If you change the number of workers or use smaller flavor for this article, be sure to use the same values of workers and flavors in the MPI article mentioned above.

See Prerequisite No. 2 for the actual values of quotas you may have at your disposal.

../_images/limit_summary.png

Image id of Ubuntu 18.04 LTS, available in Horizon interface

ElastiCluster works best on Ubuntu 18.04 so that is the image we are going to use here. Its id should be constant across all CODE-DE OpenStack environments:

../_images/ubuntu_id.png
image_id=6321c0bf-a7d3-4f2a-a514-d9d3c90b327e

ID of project’s private network

To get ID values of a network, execute Network -> Networks from main Horizon menu and click on network name.

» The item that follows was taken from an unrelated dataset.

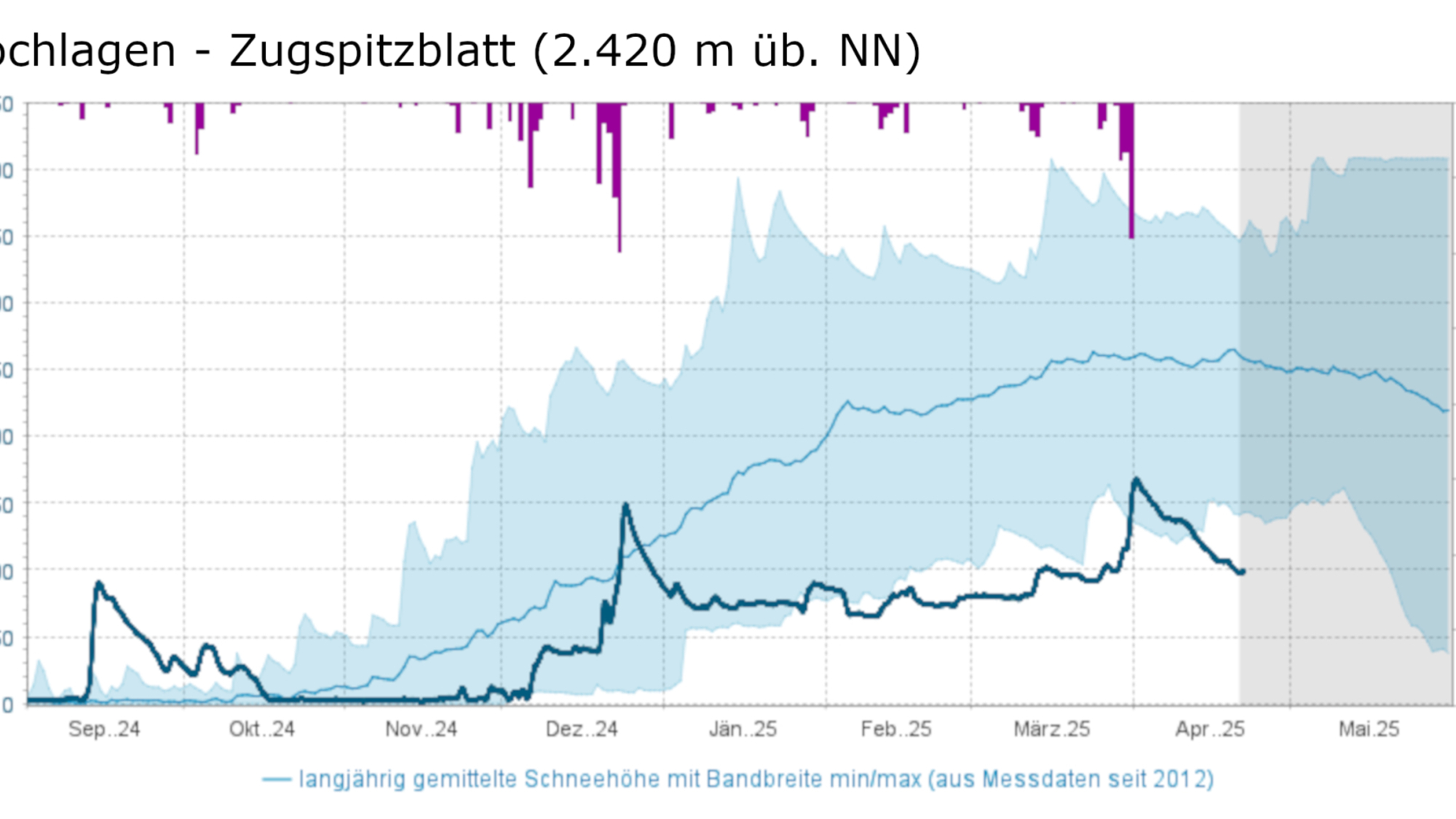 Übersichtsgrafik der Schneehöhenentwicklung und 24-stündige Schneehöhendifferenz in Zentimeter von Anfang September bis Mitte/Ende April in den Hochlagen (Zugspitzplatt, 2.420 m über Normal Null), mittleren (Reiteralpe Plateau, 1.670 m über Normal Null) und tiefen Lagen (Spitzingsee, 1.100 m über Normal Null) der Bayerischen Alpen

../_images/cloud_id_network.png
network_ids=21fd3c51-646d-4c36-9b1c-b5d1335cf24c

ID of floating ip network

The id of the “external” network is also available in Horizon interface

../_images/external_floatin_ip.png
floating_network_id=959e9209-cf65-4afe-b17e-c5bfecdb0075

To see the current state of the template, use either of these two commands:

sudo nano ~/.elasticluster/config

cat ~/.elasticluster/config

Installation Step 3 Run and verify cluster setup

To run the setup for a cluster called myslurmcluster type:

elasticluster start slurm -n myslurmcluster

This will take 10, 15 or even more minutes and the expected result is 5 new virtual machines available in the Horizon interface, configured to run as a SLURM cluster. During the creation of the cluster, hundreds of lines of text will scroll up the terminal window, perhaps like this:

../_images/errors-3.png

Be patient. ElastiCluster is provisioning no less than five fully functional virtual machines, which will act as one cluster.

If installation and configuration went well, you will see a screen similar to this:

../_images/cluster_name.png

Here are the five new instances, one master and four worker nodes:

../_images/nodes_muslurmcluster.png

We can verify this by running SSH to the master/login node:

elasticluster ssh myslurmcluster

And from this node running a sample SLURM command:

sinfo

which will show information about the cluster:

../_images/sinfo_cluster.png

Step 4 Troubleshooting and Debugging

To troubleshoot, run the cluster setup with the -v flag to identify more detailed insights:

elasticluster -v start slurm -n myslurmcluster

This is how you can start and stop the current ElastiCluster project:

elasticluster stop -y myslurmcluster

elasticluster start myslurmcluster

What To Do Next

The article Sample Workflow: Running EO Processing MPI jobs on a SLURM Cluster on CODE-DE FRA1-1 Cloud demonstrates running MPI jobs on a SLURM cluster that you have just created.